■ **DATASET EXTRACT**
↓
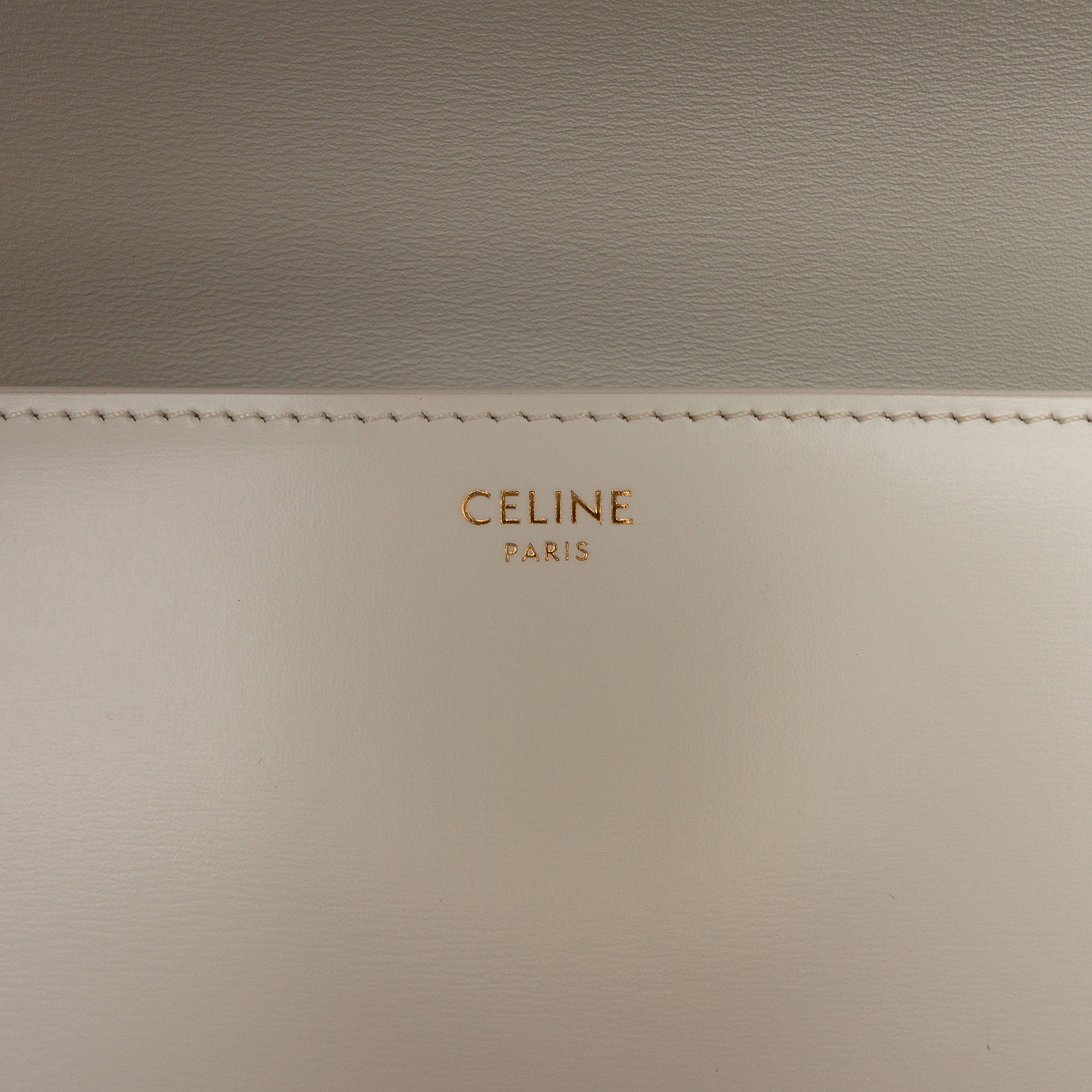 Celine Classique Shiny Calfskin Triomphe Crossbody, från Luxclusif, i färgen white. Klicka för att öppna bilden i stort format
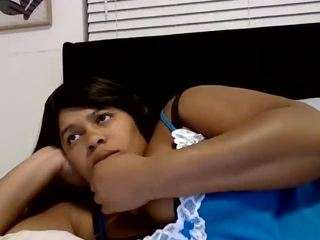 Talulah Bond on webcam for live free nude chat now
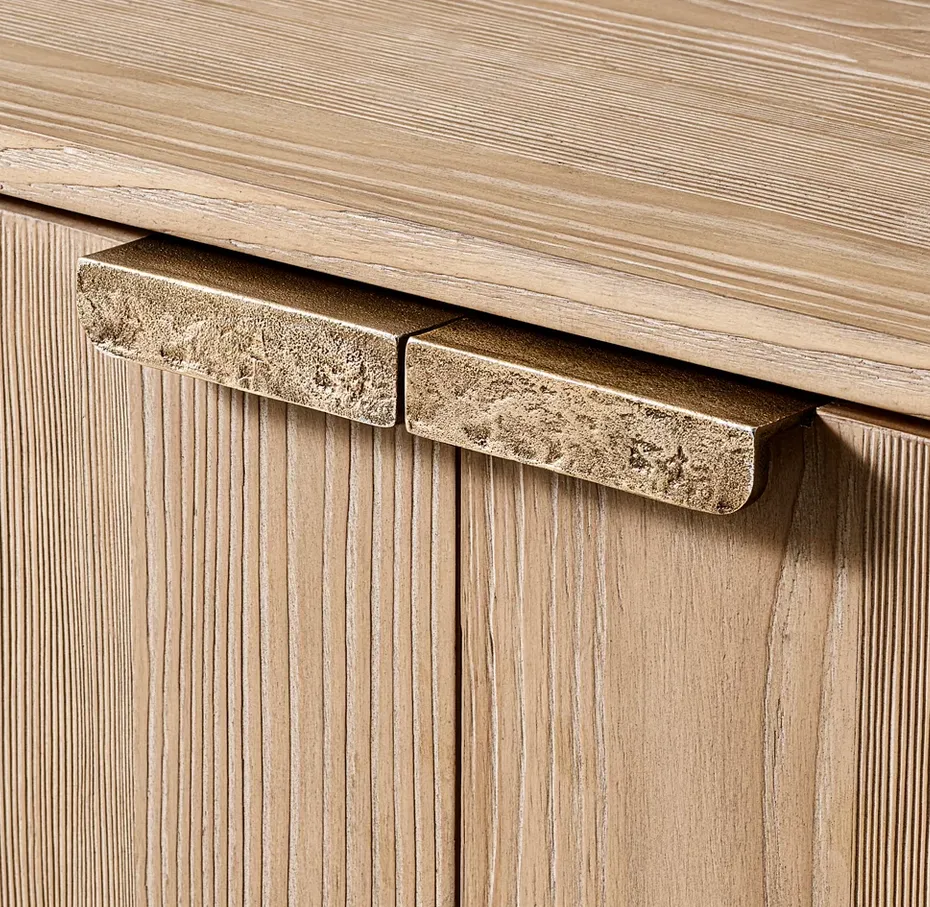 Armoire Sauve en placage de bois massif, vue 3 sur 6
↑
■ **WHAT TO DO**
Without the pictures, transcribe exactly the lines above from the one containing "Talulah Bond on" through the last.

■ **TASK RESPONSE**
 Talulah Bond on webcam for live free nude chat now
 Armoire Sauve en placage de bois massif, vue 3 sur 6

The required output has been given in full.